It was supported by 84% of stakeholders in the RTO’s Risk Management Committee in an October poll.
Under existing policy, entities participating in financial transmission rights markets must have either $1 million in tangible net worth (TNW) or $10 million in tangible assets. For those not involved in FTRs, the requirement is $500,000 in TNW or $5 million for tangible assets.
The proposal would increase the TNW threshold to $2 million for all participants with a 3% fixed rate escalation annually. It includes a transition period in which the TNW for non-FTR participants would first increase to $1 million and double over five years.

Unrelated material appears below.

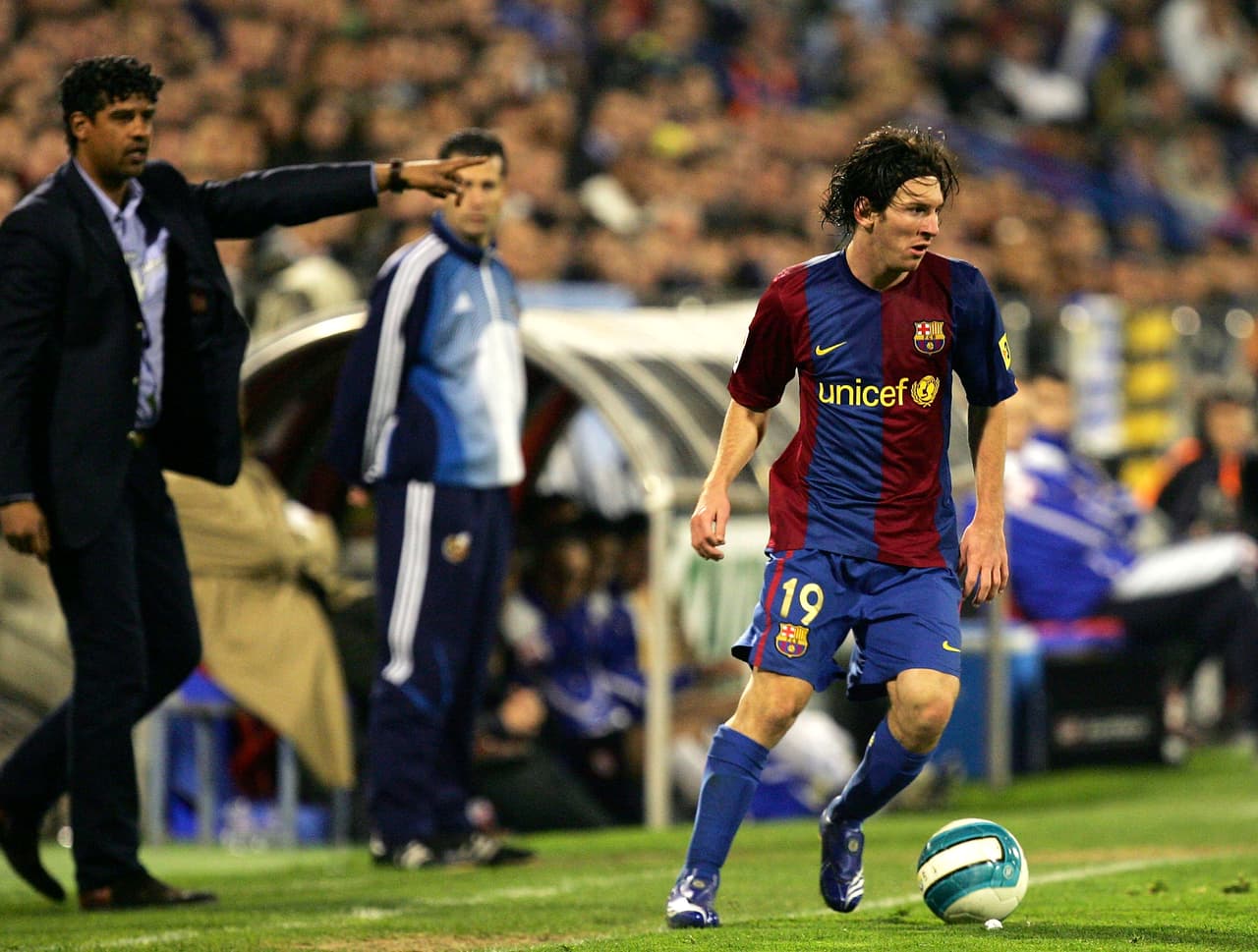 Esta foto de 2005, cuando el entrenador del Barcelona era Frank Rijkaard (izq), Messi utilizó también el número 19, como se puede apreciar, usando el uniforme de esa era en el equipo culé.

The TNW and tangible asset minimums have not been changed since they were instituted in 2011. PJM’s Ryan Jones said minimum capitalization requirements are meant to ensure that market participants can handle the risk associated with their activities and reduce the risk of default shifting costs to others.
An earlier version of the proposal would have required $5 million in TNW, but PJM decreased that after stakeholders voiced concern that it would create too big a barrier to participation, increase market concentration and reduce competition.
Independent Market Monitor Joe Bowring said he views the proposal as a modest requirement which would protect members against defaults by market participants who cannot meet their obligations.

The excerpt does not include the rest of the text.